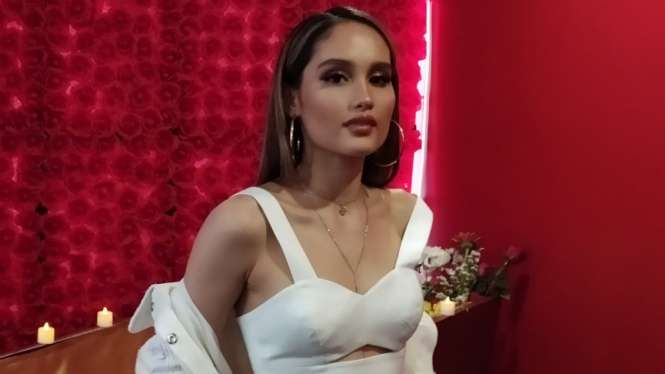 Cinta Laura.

____

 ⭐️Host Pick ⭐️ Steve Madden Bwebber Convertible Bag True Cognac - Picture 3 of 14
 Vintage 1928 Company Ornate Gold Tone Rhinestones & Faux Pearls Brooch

____

◆ **Prompt**: All that is wanted is a faithful reproduction of the line above with "Picture 3 of 14", the line with "Vintage 1928 Company", and every line in between.

◆ **Finished task**:
 ⭐️Host Pick ⭐️ Steve Madden Bwebber Convertible Bag True Cognac - Picture 3 of 14
 Vintage 1928 Company Ornate Gold Tone Rhinestones & Faux Pearls Brooch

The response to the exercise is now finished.